Analysis: Rugby player found negligent for ‘tackle’
Paddy Murphy and Stephen O’Connor of Ogier Leman summarise an English court’s ruling that an amateur rugby player was negligent in causing an injury which left an opposing player paralysed.
In February of this year, the English High Court found an amateur rugby player was negligent in causing an injury which left an opposing player paralysed from the waist downwards. The decision is notable for considering the relevant standard of care that a player owes to an opponent on the field of play.
Background
The claimant was playing in her first competitive game of rugby against the defendant’s team, Bracknell, who had recently re-formed having folded some years prior and as such re-joined the league at a ‘developmental level’. The game between the sides was described as ill-tempered and it was held by the court that Bracknell played the match in an “inappropriately aggressive and intimidating manner”.
The incident in question occurred at a ruck where, while the claimant was bending to pick up the ball, the defendant came around the side of the ruck and ‘tackled’ the claimant by putting “her whole bodyweight forward and down on the claimant’s back, parcelling up the claimant by grasping her thighs just above the knees”. The claimant immediately sustained a T11/12 fracture dislocation with a T10 ASIA B spinal cord injury, leaving her paralysed from the waist downwards and a full-time wheelchair user.
Expert evidence
Two former professional referees adduced expert evidence, Mr Edward Morrison (for the claimant) and Mr Anthony Spreadbury (for the defendant), and were directed to consider whether the defendant was offside, whether the claimant had possession of the ball and how the defendant executed the tackle.
In his evidence, Mr Morrison stressed the importance of playing the game in accordance with its laws, which are designed to protect the safety of the players. It was his view that the defendant made no attempt to play the ball and that her act was inherently dangerous and reckless.
The court wholly accepted the expert evidence of Mr Morrison and further held that concessions made by Mr Spreadbury were detrimental to the defendant’s case, namely that the claimant had not been in possession of the ball and so should not have been tackled at all and that the mechanics of the tackle itself were dangerous and liable to give rise to serious injury whereby such tackle had no place on a rugby field.
The standard of care
The key issue determined by the court was the standard of care owed by one player to another on the field of play.
The defendant submitted that a general standard of care exists in sporting cases that requires either recklessness or a very high degree of carelessness for the defendant to be found to have breached the duty. This submission was based on the decision in Blake v Galloway [2004] 1 WLR 2844, in which two 15-year-old boys were throwing twigs and pieces of bark chipping at each other, leading to the claimant sustaining a serious eye injury. Given the relatively harmless and friendly nature of the ‘game’, Dyson LJ held that there was a breach of duty “only where [the defendant’s] conduct amounts to recklessness or a very high degree of carelessness”.
However, the court preferred the test in Condon v Basi [1985] 1 WLR 866. In that case, a player was injured during a football match due to a sliding tackle from behind. It was held that a player is under a duty to take all reasonable care taking account of the circumstances in which they are placed, “which, in a game of football, are quite different from those which affect you when you are going for a walk in the countryside”. Similarly, the same standard of care applied to the defendant in the context of the rugby match.
Significance of the decision
The court found that the defendant was negligent for a “reckless and dangerous act” that “fell below an acceptable standard of fair play”. In finding that the defendant’s act breached the standard of care expected, the court made a number of notable findings:
- that the defendant was “looking for an opportunity to get her revenge”;
- the Bracknell players were “inappropriately aggressive”;
- the defendant executed the “tackle” in a manner which is not recognised in rugby;
- the defendant was characterised as big and heavy and a dominant tackler who was able to use her size and weight to drive other players back;
- the developmental level of the game contrasted with the fact that the defendant had played at a much higher level; and
- the ball was held to have been still in the ruck, therefore the claimant did not have possession of the ball and the defendant’s action could not be considered a ‘tackle’.
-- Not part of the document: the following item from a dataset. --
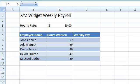Let's start with the basics. What is a cell reference? A cell reference is how we refer to a cell in a formula. For example, let's write the weekly salary formula.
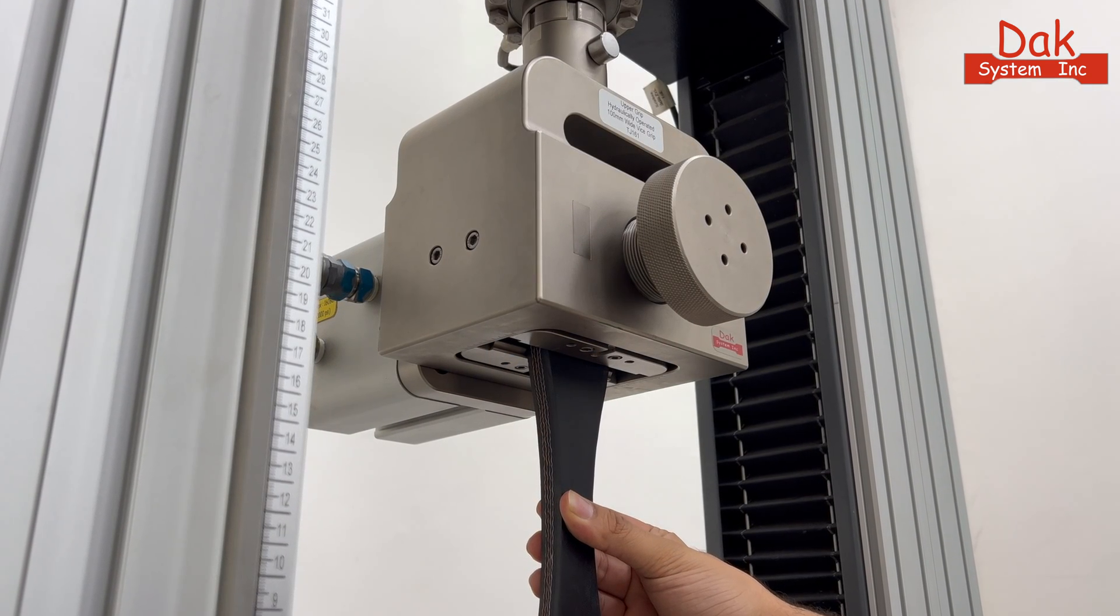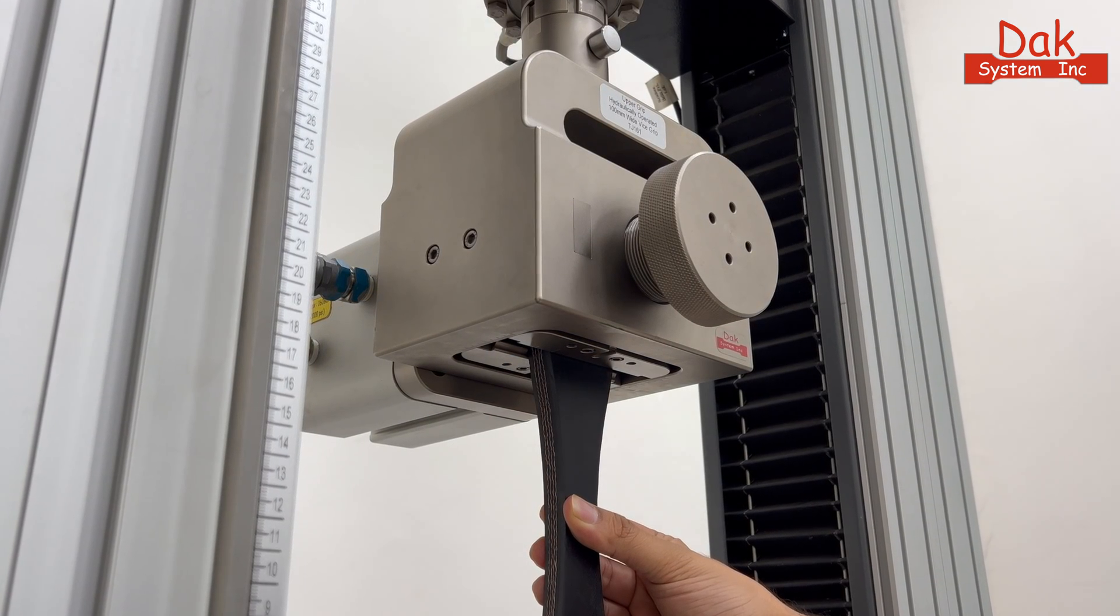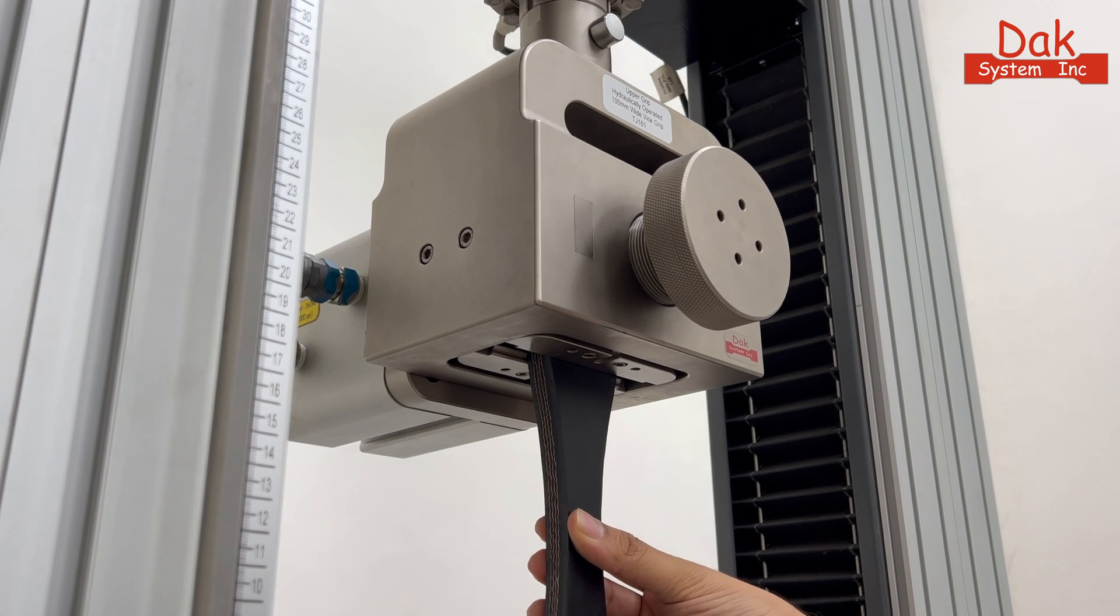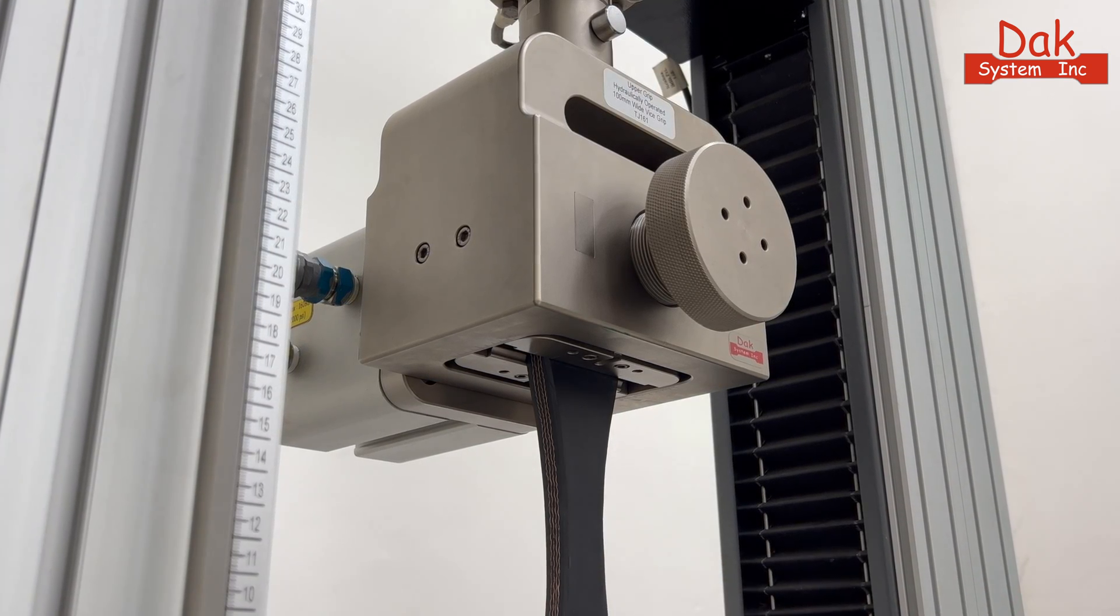Our method employs hydraulic vice action grips, effortlessly activated by a foot switch.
The decision is instructive in confirming that players have a duty to take all reasonable care taking account of the circumstances and that an assessment of that standard of care will be fact-specific. That position is acutely demonstrated by some of the factors relied upon by the court.
In particular, it is unlikely that the fact a player is big and heavy and a dominant tackler or that a team was “inappropriately aggressive” would be taken into account in a game of rugby played by experienced players when those factors are inherent in most rugby matches. It is suggested that the fact that the match was ‘developmental’ was a notable counterbalance to those considerations.
- Stephen O’Connor is a partner and Paddy Murphy is a senior associate at Ogier Leman LLP.